*** Opening of Source records ***

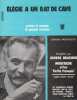 Partition de la chanson : Elégie a un rat de cave        . Brassens Georges - Brassens Georges - Brassens Georges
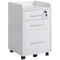 HOMCOM Mobile Filing Cabinet: 3-Drawer Vertical Unit with Lock & Wheels for Letter/Legal Docs, White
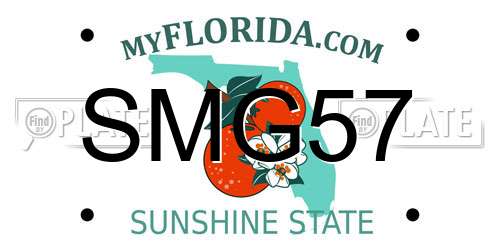 SMG57 Florida License Plate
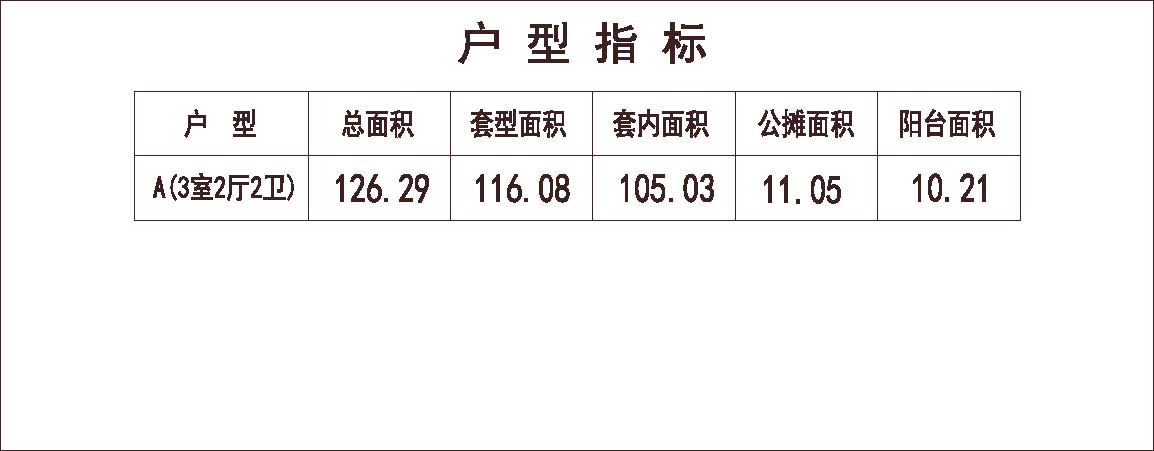 北方 1梯2户 6层 户型 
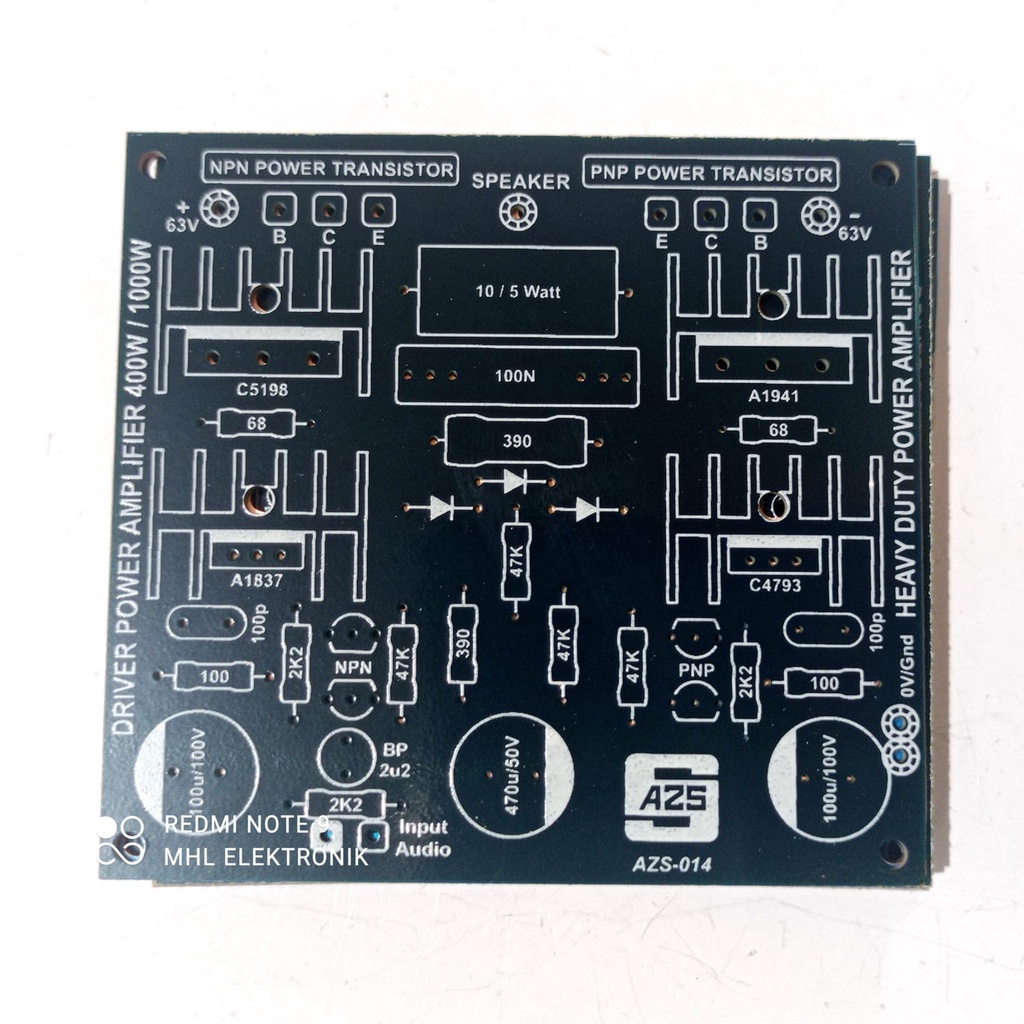 PCB Driver Power 400W - 1000W 2 Stage 2 Tingkat Simetris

*** Close of Source records ***

## Brief
Please transcribe every record above exactly as written, leaving out the pictures.

## Answer section
 Partition de la chanson : Elégie a un rat de cave        . Brassens Georges - Brassens Georges - Brassens Georges
 HOMCOM Mobile Filing Cabinet: 3-Drawer Vertical Unit with Lock & Wheels for Letter/Legal Docs, White
 SMG57 Florida License Plate
 北方 1梯2户 6层 户型 
 PCB Driver Power 400W - 1000W 2 Stage 2 Tingkat Simetris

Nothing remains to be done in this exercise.